It may not be possible to sever the links, but is it really necessary? There are so many connections, and with them so high a noise level, that maybe we can still find cover and comfort in spite of it all.
We are at once connected and disconnected, exposed and hidden. It is just one paradox of our modern lives.
-David Trulli
“All Lines Are Busy,” refers to the broadly understood irony of ubiquitous communication technology’s impact on society. We are both more connected and more isolated than ever, increasingly relying on mediated perceptions of the world as we voraciously devour information via the internet and cable news at the expense of real human contact. Trulli observes that “the people in most of the works seem to exist in a sort of fragile sanctuary; private places where the real world is very close at hand and always on the verge of intruding.” What is less immediately clear is whether they are in that limbo by choice, circumstance or the requirements of poetry.

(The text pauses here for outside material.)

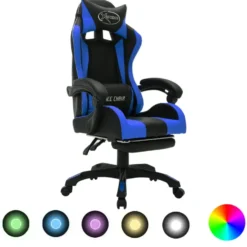vidaXL - Kantoorstoel - Blauw - Kunstleer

It had been my intention to go into some detail about individual works in the series, but I changed my mind about that. There’s a real opportunity for individuals confronting Trulli’s work to locate themselves in his loose-weave narratives, and I think I’d be doing both the work and the audience a grave disservice were I to presume to direct that process. Whether the interplay between the regimented architectural testaments to man’s will that rivals the majesty of nature is romantic, utopian, nostalgic or tragic depends mainly on the predisposition of the viewer. It always does of course—Derrida has said that “we are all mediators, all translators”—but I think this is particularly salient in Trulli’s case.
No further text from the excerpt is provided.